After you get a feel for the rudiments of a programming language, the best way to learn is to write small programs. Numerical puzzles are excellent since they force you to persist with such things as "for loops", "while loops" and "if statements" until they work. They pop up in newspapers and magazines and are usually meant to be solved by a combination of logic and trial-and-error using Peter Smith's "Necktop" computer. It is rewarding to use this approach but, after doing so, try writing a program to do it. You may also contrive your own puzzles and need not be constrained to keep the number of possibilities to a reasonable task for the brain. Assuming you can write the program, the computer will not be fazed by sifting through a million possible solutions; you might spend hours getting it to work but it usually spits out the answers in a fraction of a second. Oh well! On to the next puzzle.
Let us pose a question: "How many pairs of four-digit squares are there that use 8 different digits?" While we are about it: "How many pairs can we combine with a two-digit square to use all ten of the digits 0 - 9?"
Plan of action
We will use QBasic, available from later DOS versions, as BASIC is probably the most familiar language. Type in the program and see if you can get it to work. The four-digit squares range from 1024 (32^2 ) to 9801 (99^2 ); there are 68 of them and the total number of possible pairs is 68*67/2=2278. Some of the squares have repeated digits in them so we might as well eliminate those; we will find that there are 36 that don't repeat digits, which reduces our task to 36*35/2=630 possible pairs.
We will use a two-dimensional array, sq4(36, 4), having rows 0 to 36 and columns 0 to 4; by comparing digits in each square, we will fill rows 1 to 36 with the useful ones, with the square in column 0 and the individual digits in columns 1 - 4. The
FOR n/NEXT n
loop uses some modular arithmetic to separate the digits and two nested loops to compare all digits. If the same digit occurs twice, the loops are exited with the loop variables retaining their values.
If the loops are not interrupted, the variables acquire values 1 above their upper limits; then we know we have correctly filled the row and can move to the next by incrementing the count.
At this stage, we will also fill the array, sq2(6, 2) with the six two-digit squares, 16 to 81 (and their digits); none use the same digit twice.
So much for the preliminaries. Now we will use two nested loops to examine all possible pairs. Inside we will compare each digit in the first member with each digit in the second. If we aren't thrown out, we have found a pair meeting our first puzzle and can print them (ex column 0); now we can use three nested loops to compare digits with each of our two-digit squares.

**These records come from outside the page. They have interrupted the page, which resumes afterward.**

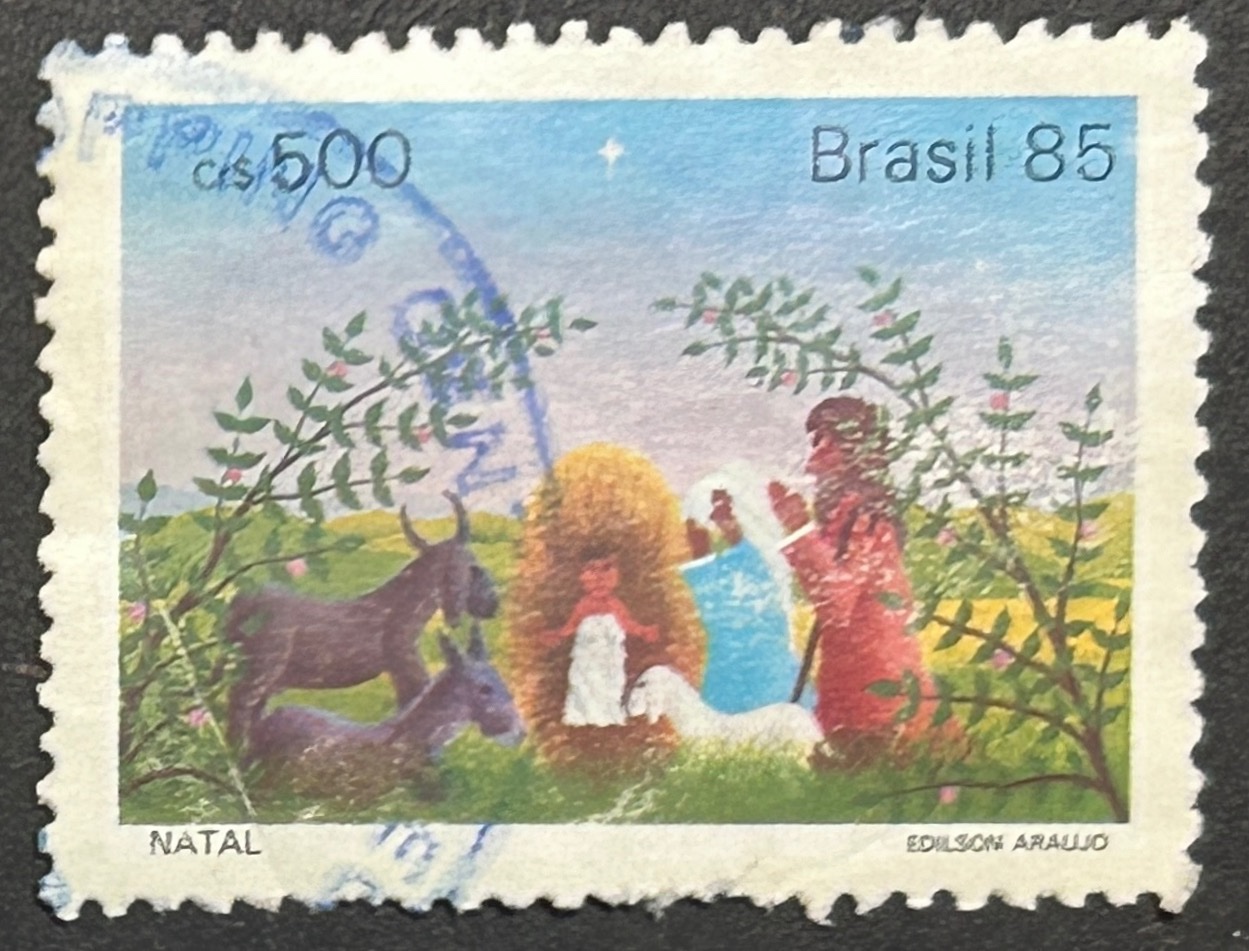 Sello Brasil 1985 - Natal - 500 Cruzeiros Usado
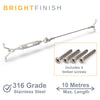 Bright Finish DIY Swaged Wire Balustrade (Supplied as components only) - DIY Turnbuckle System - Suits Timber Posts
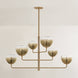 August chandelier 6-light detail view
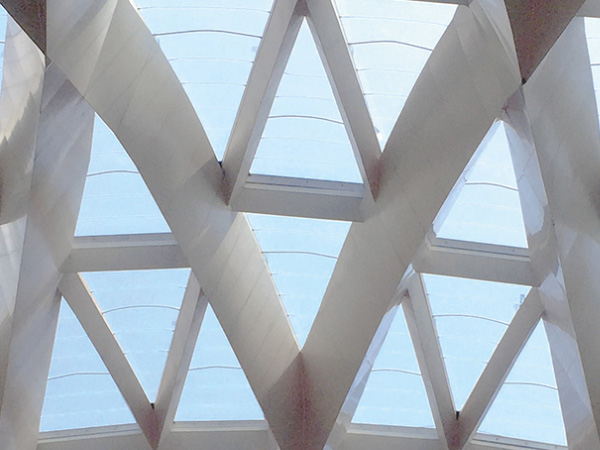 走廊膜结构,气浮池盖膜结构工程,膜材加工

Lo and behold - we find there are two sets that use all the digits. Not likely to change the course of human history - but then! To satisfy your curiosity, the two solutions are
- 2304, 7569 and 81
- 3249, 7056 and 81.
When you get this program to work, your mission, should you choose
to accept it, is: "How many sets, of two three-digit squares and one four-digit square, use all the digits?" Prizes will be available to the first to ring me with the solution(s); these will be my hearty congratulations and your own deep inner satisfaction. What the heck! I'll extend the prizes to any who solve it - or even try.
If you are still interested, check pairs of five-digit squares (you will need to use long integers).
A different type of puzzle you might try is the one in the Saturday Age; this is a five-by-five array of digits where you are given the row and column totals and you must find the digits. You can write a brutal program with ten nested loops and lots of test calculations, but with a bit of logic you can reduce to three or four loops and much less work for the computer - this is more elegant and satisfying.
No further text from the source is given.